Wednesday 2 October 2013

Electoral Reform

My view of the game of representative democracy is pretty grim, I'll admit.  So what do I recommend to improve it?

People often talk about electoral reform.  The problem, given my analysis of how to win at representative democracy, is that the strategies are mostly about getting people to vote and not to vote.  We could bring in whatever system we wanted - even the greatest system of all, random ballot - and it wouldn't change many of the underlying facts of vote manipulation.  If 50% of the population thinks voting is pointless and 30% are your fanatics, the election system could be anything and you'd still win.  If police are four times as likely on election day to pull over drivers of an ethnicity that usually votes for you, and twice as likely as normal to turn those routine traffic stops into overnight jail visits then that subtracts from your vote no matter how it is tallied.

But I am a proponent of election reform.  Why is that?  It goes back to a key point that I made in my analysis of democracy, and that is that the people playing it are largely idiots.  Seriously, they are horribly, horribly stupid and almost completely disconnected from reality.  Okay, maybe many of them are pretty smart, but they sure aren't smart enough to win an election since no one is.  They also aren't Machiavellian enough to manipulate votes too severely unless they can actually convince themselves that they deserve to win.  I'm sure politics has well more than it's fair share of psychopaths, but it would be hard to believe it was more than five or ten times the average, wouldn't it?

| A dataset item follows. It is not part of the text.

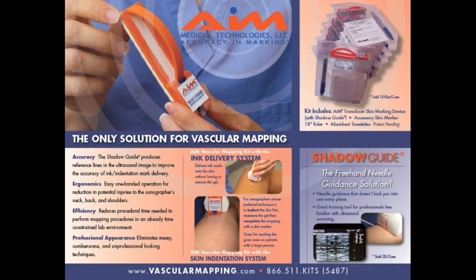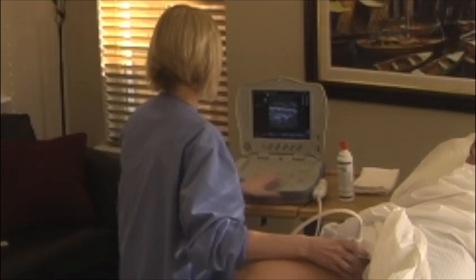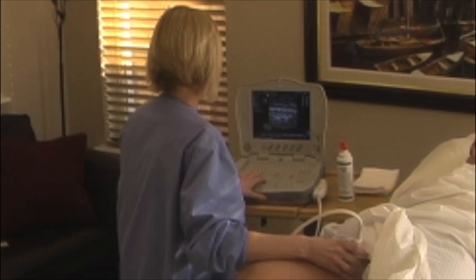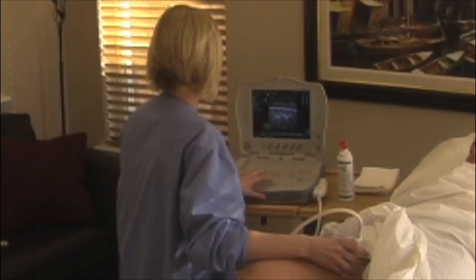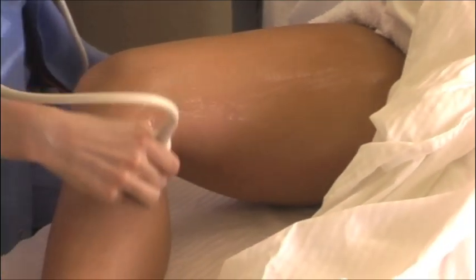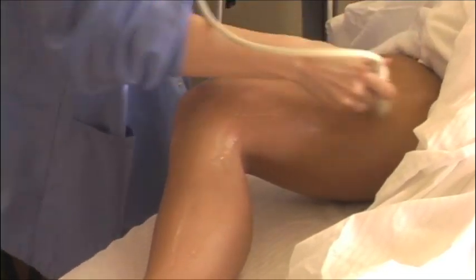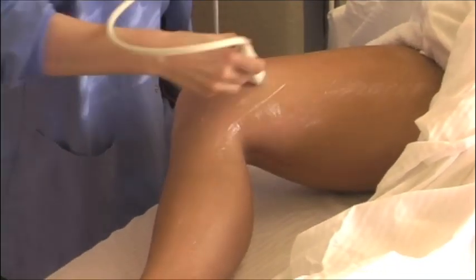This video presentation contains a demonstration of the AIM Vascular Mapping Kit with the ink delivery system. It is recommended that you perform your evaluation and measurements of the anatomy prior to applying the AIM device to your transducer. Upon completing your evaluation of the target anatomy, ensure that a generous layer of coupling gel remains on the skin to aid in the delivery of the ink marks.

So if most politicians don't know how to win elections and don't know that they don't know how to win elections, then a new voting system is going to accomplish a lot.  As I said, results-oriented thinking creates an evolutionary process.  Changing the system is basically an asteroid coming for the political species.  The larger and more entrenched they are the more dependent they are on the environment that allowed them to become so large.  A huge shift in environment would make a lot of space for actual policy debate because people wouldn't know what else to do, and the people who would think they know what else to do would be even worse off.

So I think not just that we should change our electoral system, but that we should change it again after a few decades, and then again.  Let's keep it fresh so no one has time to evolve a focused strategy.  This may not seem important, after all, political parties are just Red-Queening for our votes, right?  But remember that they are not akin to a predator and prey vying for life, they are akin to different alpha predators vying for a larger share of the same prey, and the prey is us.

I'm not saying that all election systems are equal, countries that use the First-Past-the-Post election system have the lowest voter turn-out in the world because on some level people know their vote doesn't count.  Nearly anything would be better.  But nothing is perfect - except random ballot, which is perfect - and we have to forget about perfect and start thinking, instead, about something that is just new.